START AVAILABLE DATA
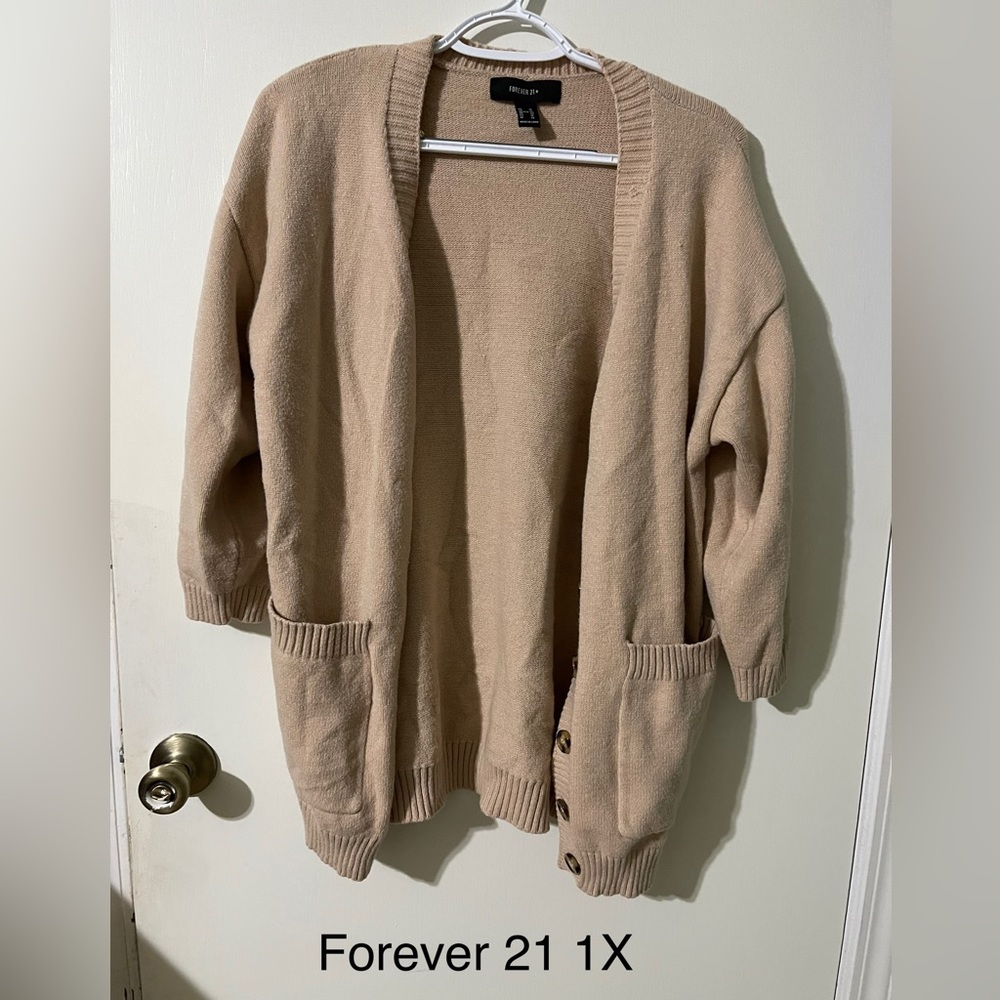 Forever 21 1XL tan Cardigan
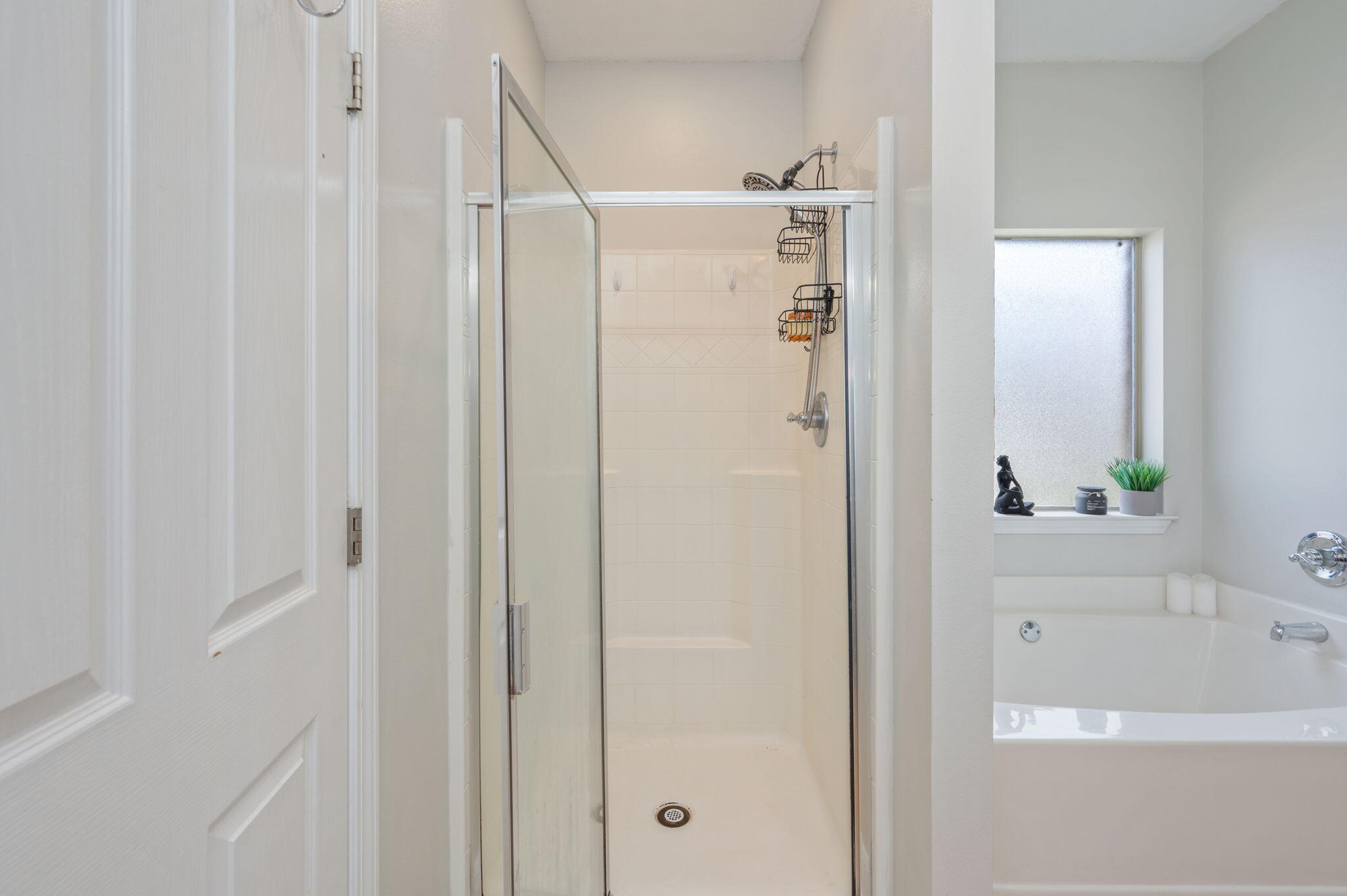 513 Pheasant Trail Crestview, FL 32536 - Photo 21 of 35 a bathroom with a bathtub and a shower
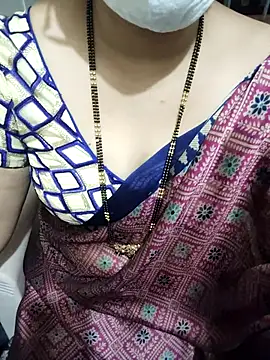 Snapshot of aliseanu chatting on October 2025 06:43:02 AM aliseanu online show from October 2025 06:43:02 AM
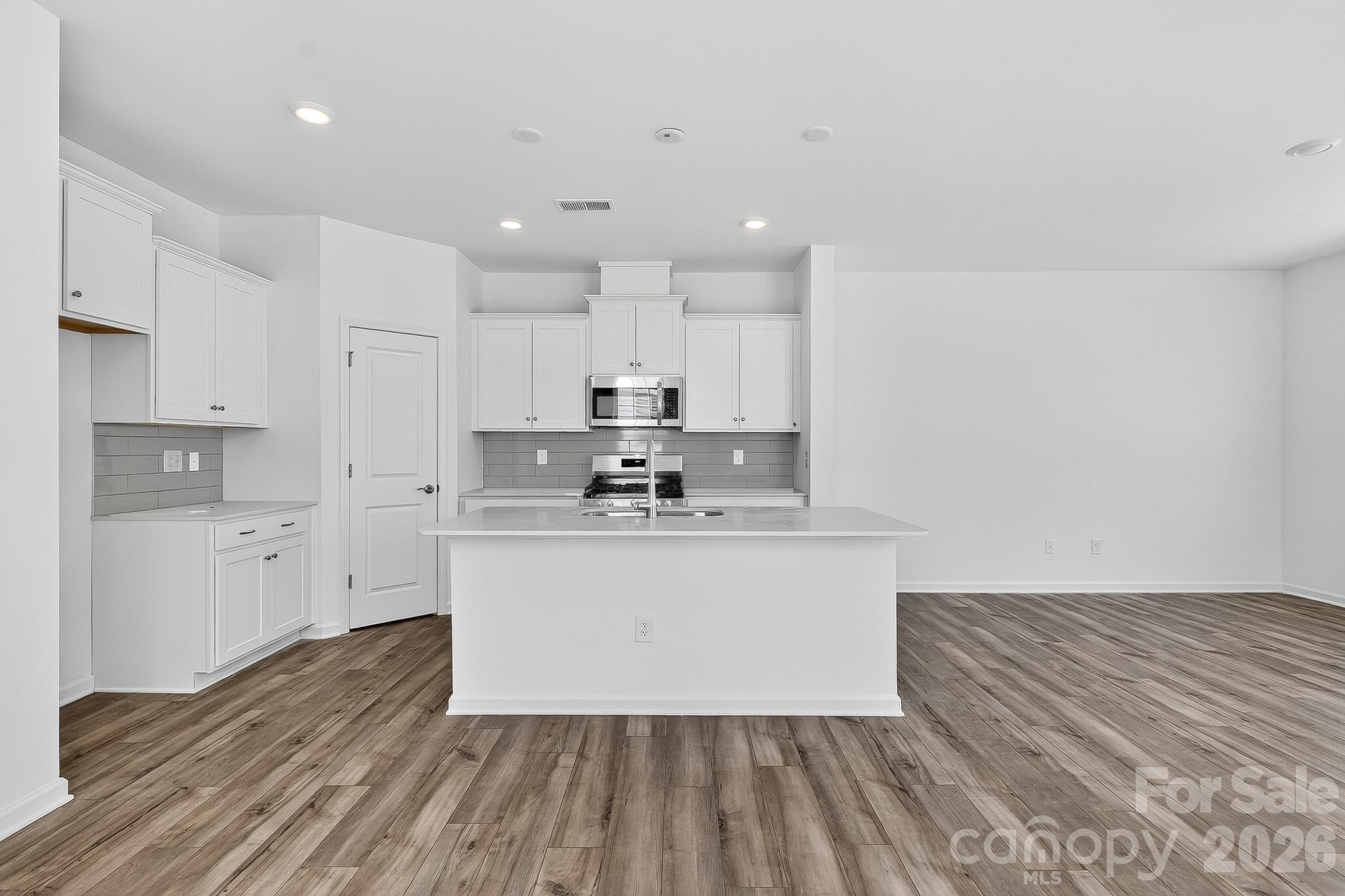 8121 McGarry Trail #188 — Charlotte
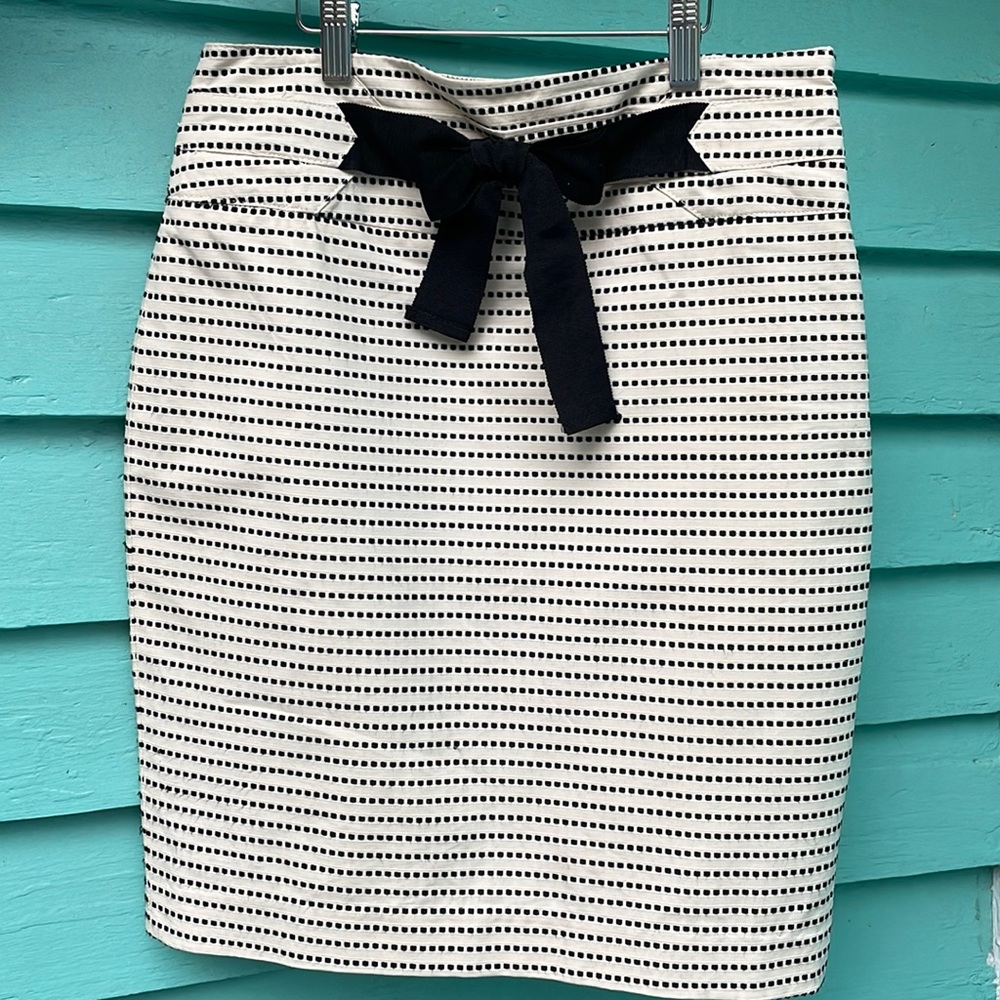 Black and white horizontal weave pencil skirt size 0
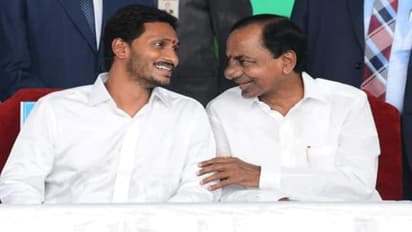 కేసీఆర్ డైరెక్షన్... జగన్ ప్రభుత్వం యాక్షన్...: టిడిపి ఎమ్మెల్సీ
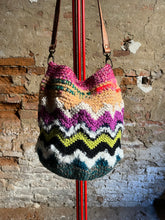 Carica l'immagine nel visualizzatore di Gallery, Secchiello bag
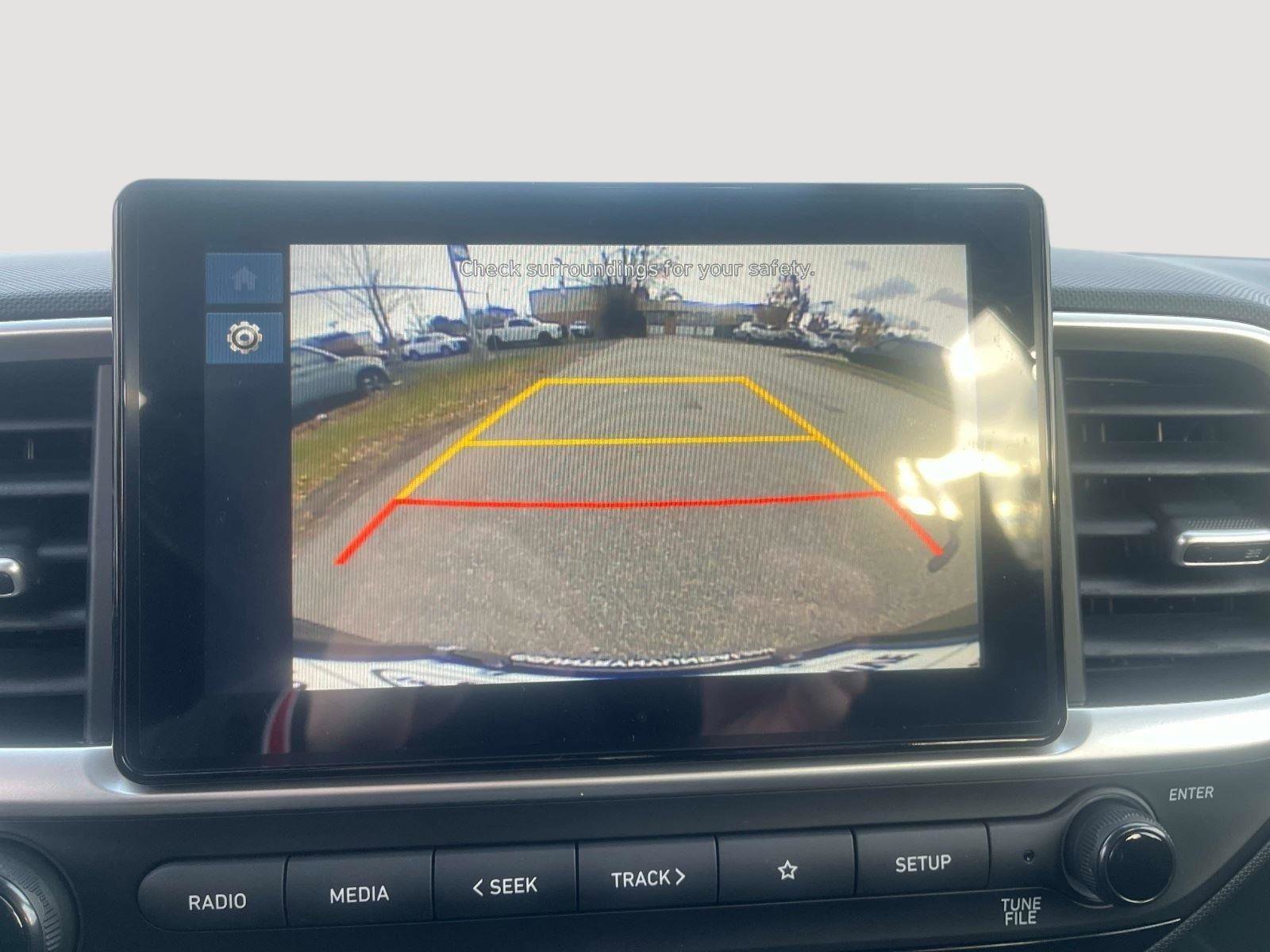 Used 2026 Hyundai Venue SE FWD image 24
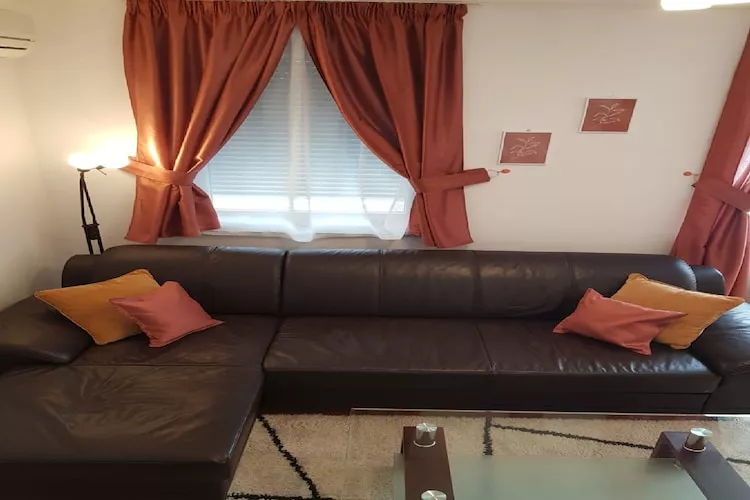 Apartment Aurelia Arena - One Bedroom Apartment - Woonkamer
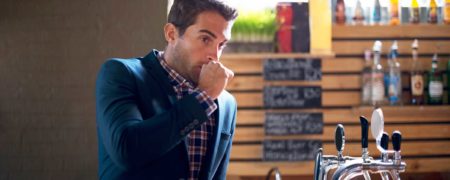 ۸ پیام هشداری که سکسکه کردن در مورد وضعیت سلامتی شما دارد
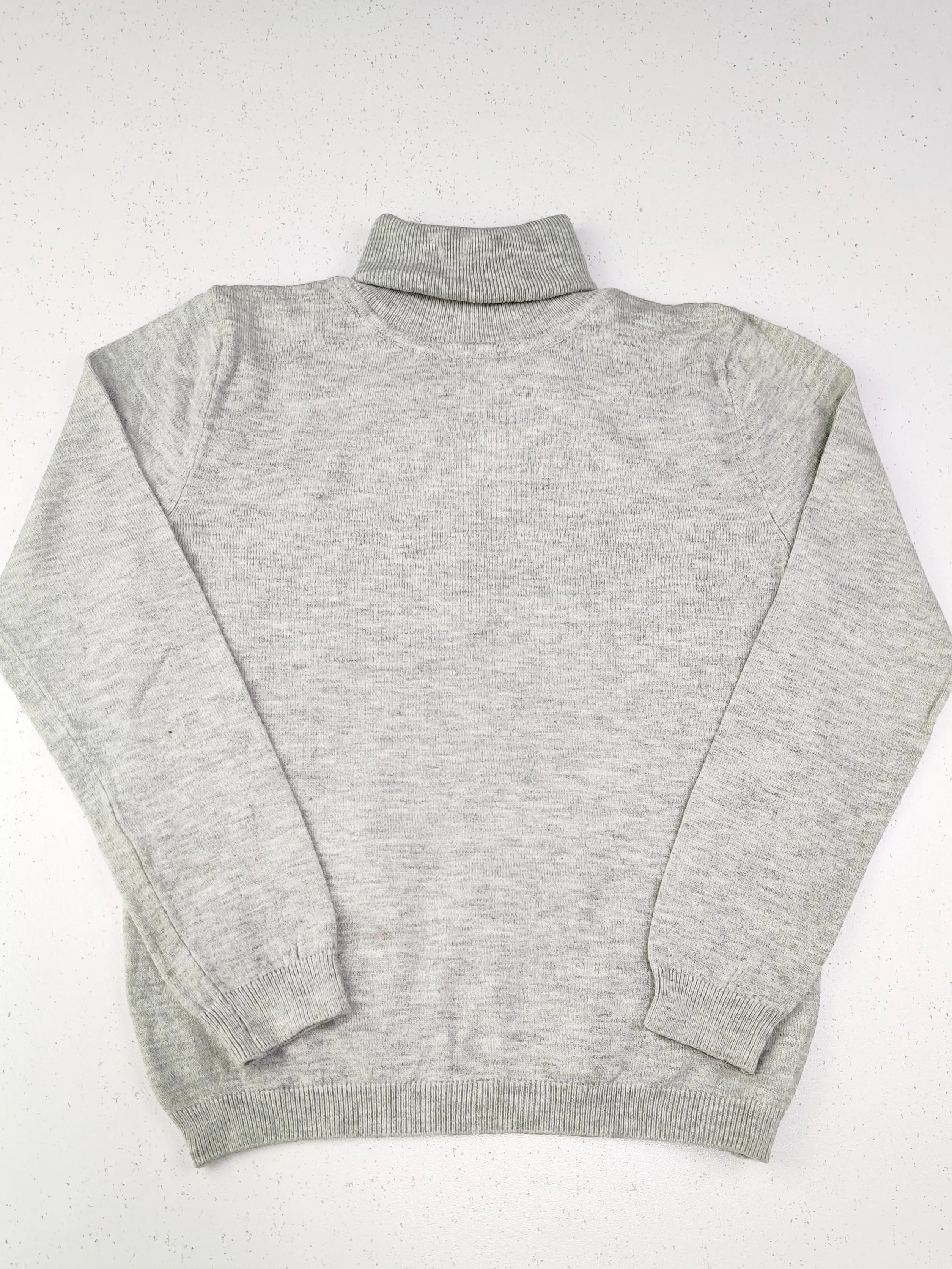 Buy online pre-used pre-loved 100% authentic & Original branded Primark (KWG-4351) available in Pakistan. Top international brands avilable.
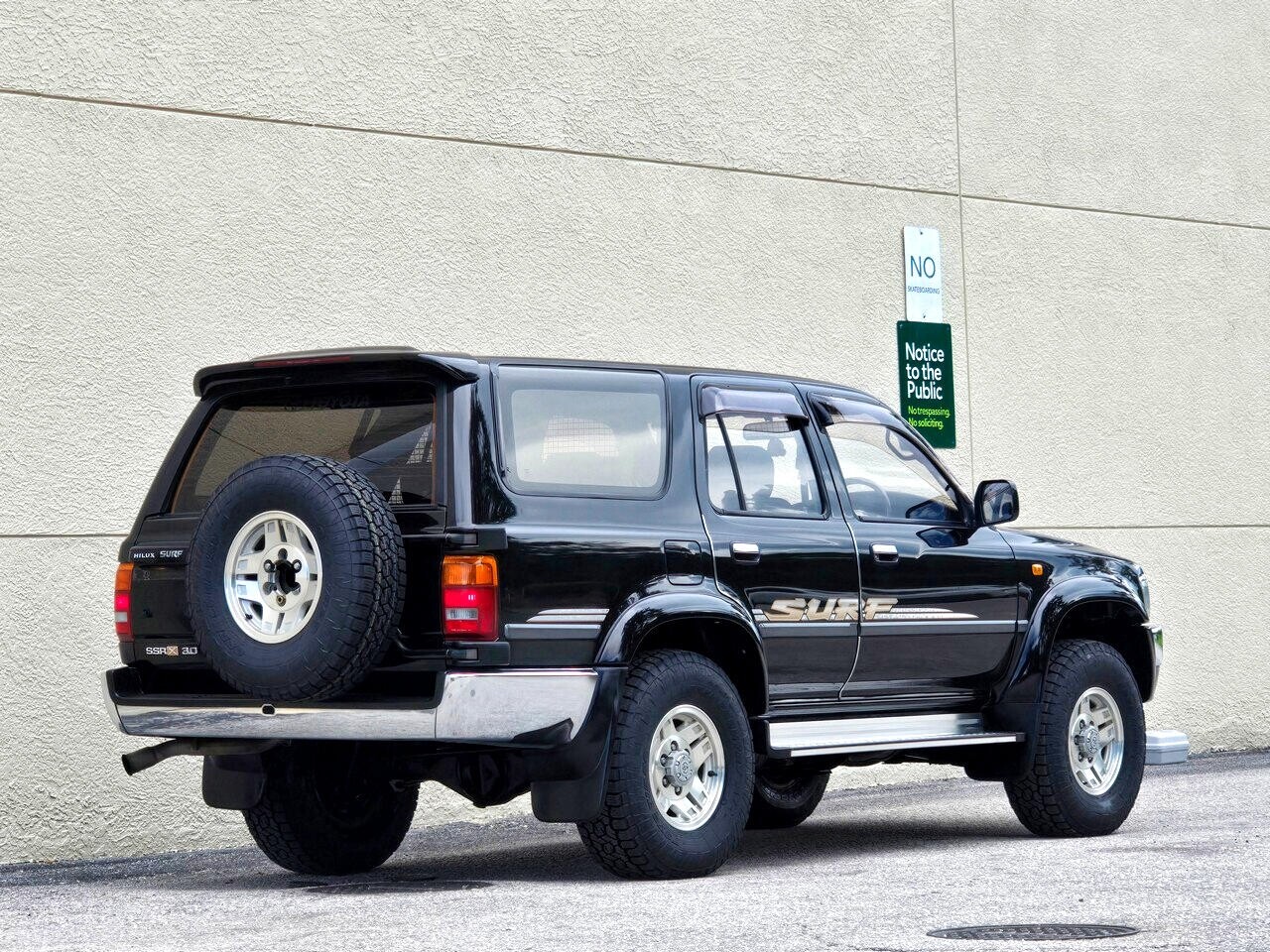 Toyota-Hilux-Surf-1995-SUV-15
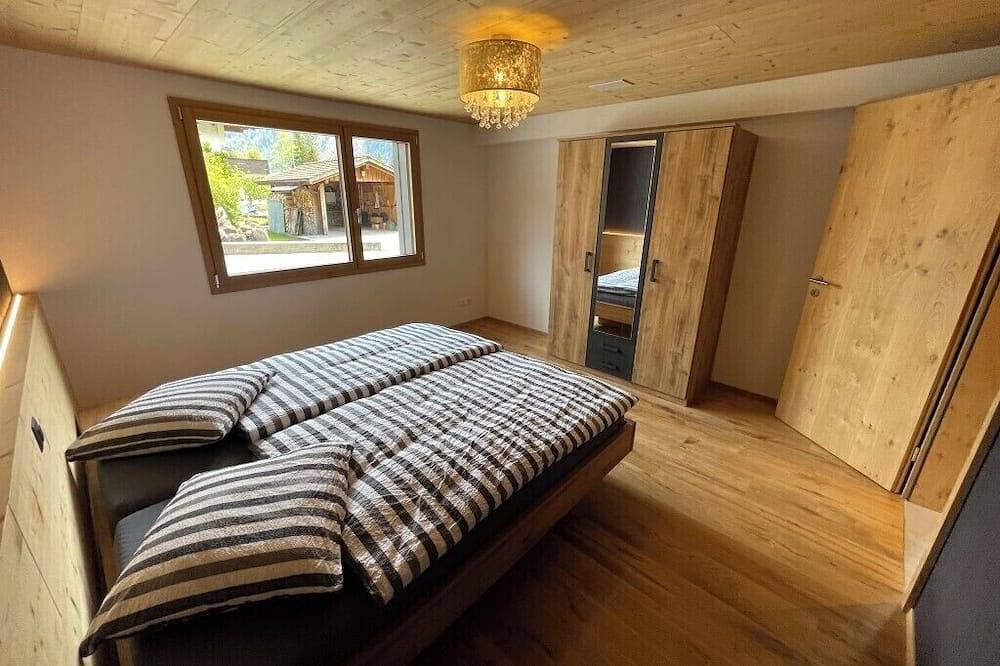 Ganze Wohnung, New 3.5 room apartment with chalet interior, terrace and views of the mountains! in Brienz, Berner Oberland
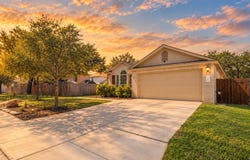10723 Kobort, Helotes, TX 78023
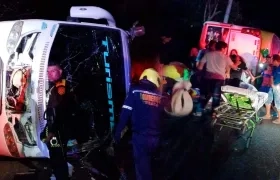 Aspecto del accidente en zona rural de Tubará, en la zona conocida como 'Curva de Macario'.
END AVAILABLE DATA
EXERCISE DESCRIPTION
Repeat exactly the lines above, starting at the one that contains "Apartment Aurelia Arena" and stopping at the last line of the entries, and leave out the pictures.

FINAL ANSWER
 Apartment Aurelia Arena - One Bedroom Apartment - Woonkamer
 ۸ پیام هشداری که سکسکه کردن در مورد وضعیت سلامتی شما دارد
 Buy online pre-used pre-loved 100% authentic & Original branded Primark (KWG-4351) available in Pakistan. Top international brands avilable.
 Toyota-Hilux-Surf-1995-SUV-15
 Ganze Wohnung, New 3.5 room apartment with chalet interior, terrace and views of the mountains! in Brienz, Berner Oberland
10723 Kobort, Helotes, TX 78023
 Aspecto del accidente en zona rural de Tubará, en la zona conocida como 'Curva de Macario'.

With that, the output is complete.